The attractive investment merits of Micro-Mechanics have not changed - return on equity of over 30 per cent, gross profit margins of around 60 per cent, $22 million net cash and 3 per cent dividend yield.

The run-up in share price (+55 per cent since our initiation in September last year) and lack of a catalyst to raise our target price, limits the upside. As a result, we downgrade our recommendation to accumulate.



Jan 30 close: $0.765

RHB Research, Jan 30

Starhill's Q2FY18 results came slightly below our estimate. The retail and office markets in the Orchard area remain challenging, amidst competitive market conditions, impacting Starhill.

Asset enhancement initiatives are currently in progress across many of its overseas assets. While these works have created a near-term dent in distribution per unit (DPU), we expect positive contributions to DPU from FY19 onwards.

Starhill continues to actively look out for acquisitions. However, with the strong cap rate compression across retail/office asset classes in Singapore, yield-accretive acquisition opportunities look limited.

Key near-term target markets for acquisitions are Australia and Japan.

Key catalysts for the stock are yield-accretive acquisitions and better-than-expected demand for space in Singapore's retail and office sectors while the key risk is a prolonged weakness in Orchard Road's retail and office markets.

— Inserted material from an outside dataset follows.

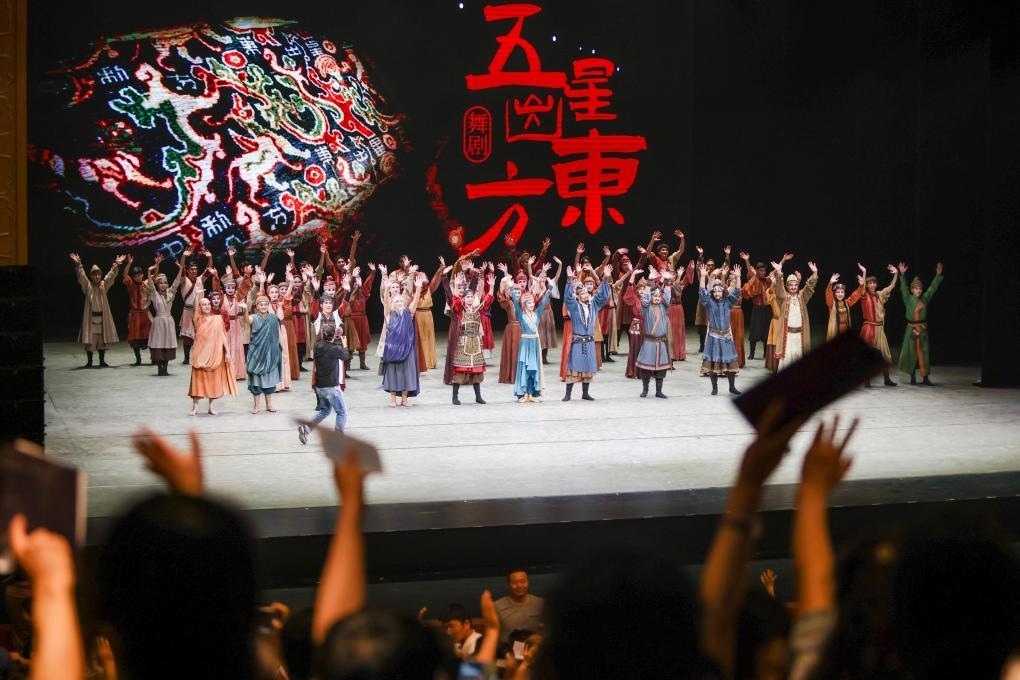 2023年7月31日，新疆和田地區(qū)新玉歌舞團(tuán)在烏魯木齊京劇院演出舞劇《五星出東方》后和觀眾互相揮手致意。這場演出是第六屆中國新疆國際民族舞蹈節(jié)的參演劇目之一，曾榮獲國家“文華獎(jiǎng)”等。新華社記者 郝昭 攝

The stock's valuation remains attractive. It is trading at a relatively cheap level, offering a dividend yield of 6.5 per cent.

Disclaimer: All analyses, recommendations and other information herein are published for general information. Readers should not rely solely on the information published and should seek independent financial advice prior to making any investment decision. The publisher accepts no liability for any loss whatsoever arising from any use of the information published herein.